TAOISEACH Brian Cowen has appealed to his grumbling backbenchers for loyalty while conceding he got things wrong as leader of Fianna Fáil.
Faced with angry protests from farmers and the prospect of his Government falling apart as it tries to push through its most difficult budget, he said with the support of his parliamentary party he was “up for the challenge”.
In the keynote speech at the party’s annual think-in, Mr Cowen said he had to perform better but asked his colleagues to give him time to justify his election as leader. He told the gathering, on the banks of Lough Ree, they had just come through the worst of the crisis.
“In May of last year, you elected me Uachtarán Fhianna Fáil. And you supported my nomination as Taoiseach. Since then, we have weathered the toughest storm to hit our country since Independence.
“This party has been tested and I have been tested – tested hard.
“I want to be honest with you. I know I have not got everything right. No leader ever does. I know I need to do better and I am determined to justify to the last ounce the great confidence this party has reposed in me,” he said.
But Mr Cowen said his party and the wider public needed to “get real” on the decisions it will have to take in the months ahead.
And if they do, he said the country’s fortunes could be turned around during the lifetime of the Government.
After the bulk of yesterday’s party debates were over, Finance Minister Brian Lenihan said there had been discussion among the TDs and senators about the cuts he would have to announce in the budget.
However, he said the thrust of contributions were focused on ensuring public agencies delivered better value for money for the budgets they are allocated.
And he denied the Green Party had got more concessions on key legislative measures than his own party.

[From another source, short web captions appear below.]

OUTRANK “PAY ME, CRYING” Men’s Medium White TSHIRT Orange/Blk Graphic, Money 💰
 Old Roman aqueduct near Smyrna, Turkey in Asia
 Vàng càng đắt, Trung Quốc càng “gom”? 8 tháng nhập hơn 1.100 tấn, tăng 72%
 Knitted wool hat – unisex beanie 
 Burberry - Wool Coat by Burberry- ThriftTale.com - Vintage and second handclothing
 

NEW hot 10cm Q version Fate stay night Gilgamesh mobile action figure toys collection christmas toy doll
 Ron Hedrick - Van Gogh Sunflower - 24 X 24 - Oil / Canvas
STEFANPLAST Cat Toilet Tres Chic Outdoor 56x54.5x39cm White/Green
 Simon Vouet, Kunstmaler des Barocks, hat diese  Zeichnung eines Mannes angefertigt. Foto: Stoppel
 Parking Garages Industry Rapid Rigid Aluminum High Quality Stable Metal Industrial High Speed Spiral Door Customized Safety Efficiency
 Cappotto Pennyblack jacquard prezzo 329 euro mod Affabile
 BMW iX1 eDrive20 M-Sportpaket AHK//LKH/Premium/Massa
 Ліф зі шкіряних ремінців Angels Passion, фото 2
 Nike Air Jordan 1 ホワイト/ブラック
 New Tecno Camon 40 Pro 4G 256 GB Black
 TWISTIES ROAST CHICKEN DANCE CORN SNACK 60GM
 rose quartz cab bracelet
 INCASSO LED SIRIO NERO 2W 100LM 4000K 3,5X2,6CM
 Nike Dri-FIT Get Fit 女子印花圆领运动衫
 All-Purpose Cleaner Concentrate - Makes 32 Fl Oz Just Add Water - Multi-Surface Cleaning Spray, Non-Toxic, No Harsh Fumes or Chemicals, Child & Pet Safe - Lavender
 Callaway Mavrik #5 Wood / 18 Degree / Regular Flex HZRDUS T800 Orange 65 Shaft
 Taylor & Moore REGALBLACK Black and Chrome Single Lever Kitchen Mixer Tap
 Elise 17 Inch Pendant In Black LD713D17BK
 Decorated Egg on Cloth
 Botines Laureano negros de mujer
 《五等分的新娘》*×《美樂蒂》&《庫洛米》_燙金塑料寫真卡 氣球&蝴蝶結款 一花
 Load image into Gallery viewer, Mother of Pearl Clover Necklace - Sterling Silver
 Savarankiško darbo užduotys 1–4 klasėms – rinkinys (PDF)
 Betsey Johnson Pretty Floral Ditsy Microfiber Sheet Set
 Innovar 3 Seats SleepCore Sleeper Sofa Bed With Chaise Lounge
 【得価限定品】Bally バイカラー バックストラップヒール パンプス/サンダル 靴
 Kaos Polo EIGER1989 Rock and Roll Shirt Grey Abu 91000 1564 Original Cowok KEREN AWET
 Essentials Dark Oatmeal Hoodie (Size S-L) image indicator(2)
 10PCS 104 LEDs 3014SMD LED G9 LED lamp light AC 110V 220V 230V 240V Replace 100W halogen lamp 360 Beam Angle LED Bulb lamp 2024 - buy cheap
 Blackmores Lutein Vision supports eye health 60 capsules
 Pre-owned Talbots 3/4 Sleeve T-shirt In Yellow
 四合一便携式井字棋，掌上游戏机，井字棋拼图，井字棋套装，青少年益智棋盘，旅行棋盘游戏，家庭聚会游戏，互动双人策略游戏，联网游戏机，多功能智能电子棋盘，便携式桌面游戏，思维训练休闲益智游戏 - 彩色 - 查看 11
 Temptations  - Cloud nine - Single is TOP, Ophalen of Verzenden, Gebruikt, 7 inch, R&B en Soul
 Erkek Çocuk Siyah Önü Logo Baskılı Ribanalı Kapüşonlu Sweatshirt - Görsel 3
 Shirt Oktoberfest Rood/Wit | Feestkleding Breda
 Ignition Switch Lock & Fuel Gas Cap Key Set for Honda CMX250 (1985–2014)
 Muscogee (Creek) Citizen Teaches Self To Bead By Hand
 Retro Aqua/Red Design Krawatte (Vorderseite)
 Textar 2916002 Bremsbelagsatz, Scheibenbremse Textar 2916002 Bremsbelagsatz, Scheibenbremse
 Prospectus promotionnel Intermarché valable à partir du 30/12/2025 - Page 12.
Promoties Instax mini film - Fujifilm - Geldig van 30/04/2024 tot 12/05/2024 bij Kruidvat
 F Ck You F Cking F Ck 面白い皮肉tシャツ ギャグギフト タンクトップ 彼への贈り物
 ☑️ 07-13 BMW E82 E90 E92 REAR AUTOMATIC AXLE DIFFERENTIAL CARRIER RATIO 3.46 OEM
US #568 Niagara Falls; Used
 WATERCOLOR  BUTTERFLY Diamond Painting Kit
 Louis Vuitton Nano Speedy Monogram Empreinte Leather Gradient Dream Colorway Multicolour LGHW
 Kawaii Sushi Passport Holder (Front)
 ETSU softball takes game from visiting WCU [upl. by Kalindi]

Backbenchers had also been listened to, he said, but had not been as inclined to announce the changes as the junior coalition partner was last week.
Today he will brief the backbenchers on the NAMA legislation which he will bring to the Dáil tomorrow.
Yesterday’s events at the Hodson Bay Hotel began with a heated protest by more than 200 farmers who burst through security barriers as Mr Lenihan arrived in his ministerial car.
Some farmers were wrestled to the ground but backed off when batons were raised.
The Irish Farmers’ Association’s rural development chairmen Tom Turley said the protesters had not travelled to Roscommon to become violent.
“We got knocked down but we got up again and we me made our point here this morning,” Mr Turley told a rally outside the hotel.
Dozens of uniformed and pubic order gardaí had been deployed. And the hotel was cordoned off with two check-points between it and the the main road.
Superintendent Aidan Glacken said the security presence would remain in place for the three days the parliamentary party was gathered at Hodson Bay.
He said the incident with the farmers was “slightly unsavory” but sufficient resources had been allocated to protect people’s right to protest while keeping the Fianna Fáil politicians safe.
The Hodson Bay Hotel was locked-down following the protests. A small but structured demonstration by Athlone IT students against third-level fees was kept in the coach park in the afternoon.
They brought 600 signed emigration forms to indicate their willingness to leave the country rather than pay for a third-level education.
Two representatives were invited in to meet Education Minister Batt O’Keeffe and were told he had brought five fees’ proposals to cabinet but had yet to make a decision on the preferred option.